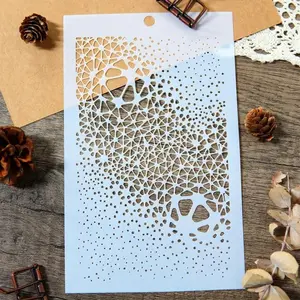 Reusable Durable Plastic Gradient Template, DIY Decoration Album Making Card Making, Vintage Charm for Blessing & Thank You Cards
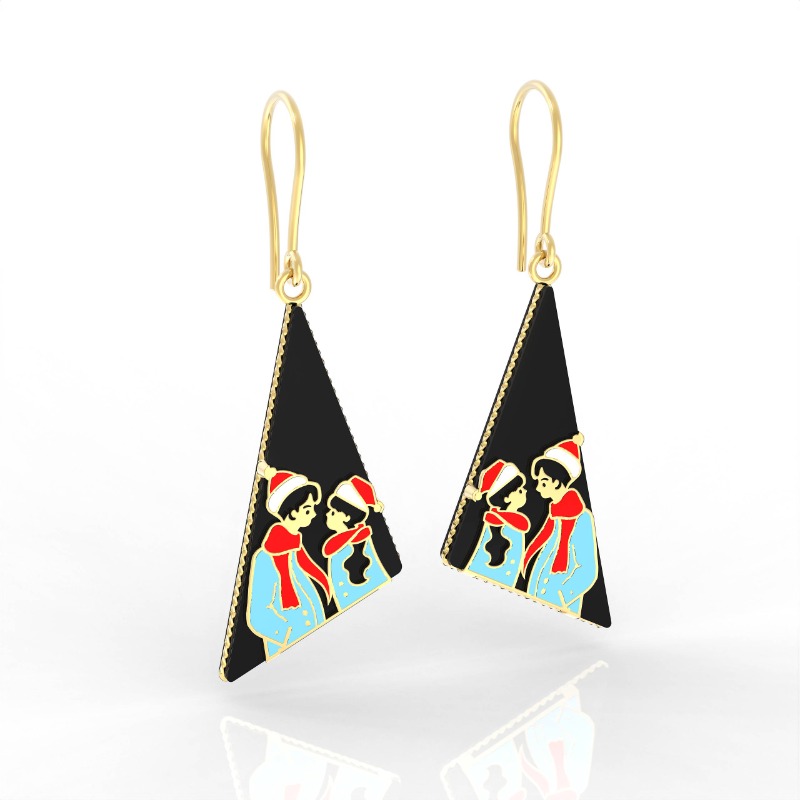 Christmas Lovers Earrings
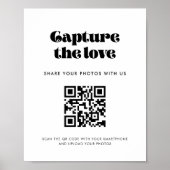 Retro Script Leg het liefdesteken vast Poster (Voorkant)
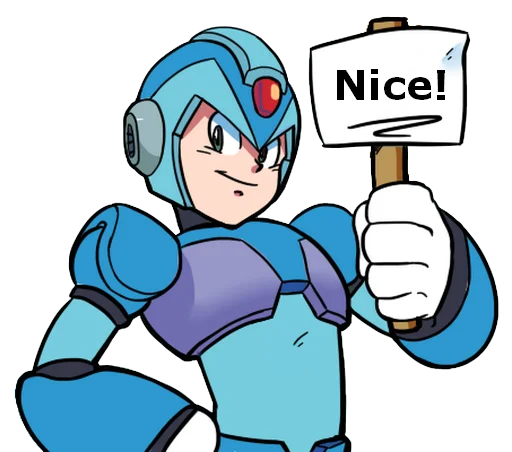 👍 Стикер «Megaman X» для Telegram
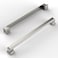 Amerdeco 10 Pack Brushed Satin Nickel Cabinet Hardware 712 Inch192mm Hole Center Kitchen Handles for Bathroom and Dresser Pulls ZH0001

· · ·

### WHAT IS EXPECTED
Output the data above exactly. Drop every picture.

### EXERCISE RESULT
 Reusable Durable Plastic Gradient Template, DIY Decoration Album Making Card Making, Vintage Charm for Blessing & Thank You Cards
 Christmas Lovers Earrings
 Retro Script Leg het liefdesteken vast Poster (Voorkant)
 👍 Стикер «Megaman X» для Telegram
 Amerdeco 10 Pack Brushed Satin Nickel Cabinet Hardware 712 Inch192mm Hole Center Kitchen Handles for Bathroom and Dresser Pulls ZH0001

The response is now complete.